J’en bois jusqu’à trois par jour depuis près de cinq ans. Pour ceux.celles qui me connaissent, le café est un rituel sacré dans ma vie ; j’aime le boire le matin, mais je le bois aussi tout au long de la journée. Je préfère mon café noir, sans lait ni sucre. Je le bois extrêmement lentement pour en savourer chaque gorgée, et surtout, j’adore le boire en compagnie des autres.

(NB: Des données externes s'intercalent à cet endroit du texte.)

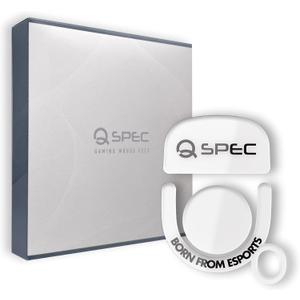 Glass Mouse Skates for Logitech G PRO X Superlight 2  Super-Round Edges, Fuji White (1 Set)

Je considère le café comme une force rassembleuse qui favorise le resserrement des liens entre les gens. Lorsque je veux voir des ami.e.s ou un.e membre de ma famille, je propose souvent d’aller prendre un café, c’est une façon générique de déclarer « passons du temps ensemble ». Devenu synonyme d’une manière de cultiver mes relations, le concept derrière cette boisson me semble essentiel, et ce, à une époque où prévalent l’individualisme et l’absence de contact social.
Appel à la diffusion
Quand j’ai entendu parler du caffè sospeso, je me suis demandée pourquoi cette pratique n’avait pas encore été introduite dans nos cafés ottaviens. Selon CTV, Ottawa compte une population de sans-abris de 1 200 personnes, et encore plus vivants sous le seuil de la pauvreté. Peut-être est-il temps de se montrer plus solidaires ?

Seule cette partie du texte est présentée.